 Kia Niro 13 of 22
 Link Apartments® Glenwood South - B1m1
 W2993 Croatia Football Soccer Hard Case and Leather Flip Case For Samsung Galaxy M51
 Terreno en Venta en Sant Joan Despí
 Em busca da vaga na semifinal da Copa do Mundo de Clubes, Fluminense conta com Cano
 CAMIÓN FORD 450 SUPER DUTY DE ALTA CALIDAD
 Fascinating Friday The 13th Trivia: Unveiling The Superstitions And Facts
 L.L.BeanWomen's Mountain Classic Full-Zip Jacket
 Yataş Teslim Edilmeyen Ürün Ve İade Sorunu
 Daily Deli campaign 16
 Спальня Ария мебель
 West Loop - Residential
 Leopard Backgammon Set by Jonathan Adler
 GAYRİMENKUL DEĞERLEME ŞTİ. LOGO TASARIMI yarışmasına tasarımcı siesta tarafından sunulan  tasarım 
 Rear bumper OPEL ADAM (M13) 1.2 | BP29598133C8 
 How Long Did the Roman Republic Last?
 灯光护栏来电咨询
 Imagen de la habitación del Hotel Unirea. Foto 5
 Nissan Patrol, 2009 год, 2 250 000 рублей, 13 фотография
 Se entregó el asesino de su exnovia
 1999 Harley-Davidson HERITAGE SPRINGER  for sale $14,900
::::
### Description of the task
The data above should be returned in full, exactly as written.

### Response for this exercise
 Kia Niro 13 of 22
 Link Apartments® Glenwood South - B1m1
 W2993 Croatia Football Soccer Hard Case and Leather Flip Case For Samsung Galaxy M51
 Terreno en Venta en Sant Joan Despí
 Em busca da vaga na semifinal da Copa do Mundo de Clubes, Fluminense conta com Cano
 CAMIÓN FORD 450 SUPER DUTY DE ALTA CALIDAD
 Fascinating Friday The 13th Trivia: Unveiling The Superstitions And Facts
 L.L.BeanWomen's Mountain Classic Full-Zip Jacket
 Yataş Teslim Edilmeyen Ürün Ve İade Sorunu
 Daily Deli campaign 16
 Спальня Ария мебель
 West Loop - Residential
 Leopard Backgammon Set by Jonathan Adler
 GAYRİMENKUL DEĞERLEME ŞTİ. LOGO TASARIMI yarışmasına tasarımcı siesta tarafından sunulan  tasarım 
 Rear bumper OPEL ADAM (M13) 1.2 | BP29598133C8 
 How Long Did the Roman Republic Last?
 灯光护栏来电咨询
 Imagen de la habitación del Hotel Unirea. Foto 5
 Nissan Patrol, 2009 год, 2 250 000 рублей, 13 фотография
 Se entregó el asesino de su exnovia
 1999 Harley-Davidson HERITAGE SPRINGER  for sale $14,900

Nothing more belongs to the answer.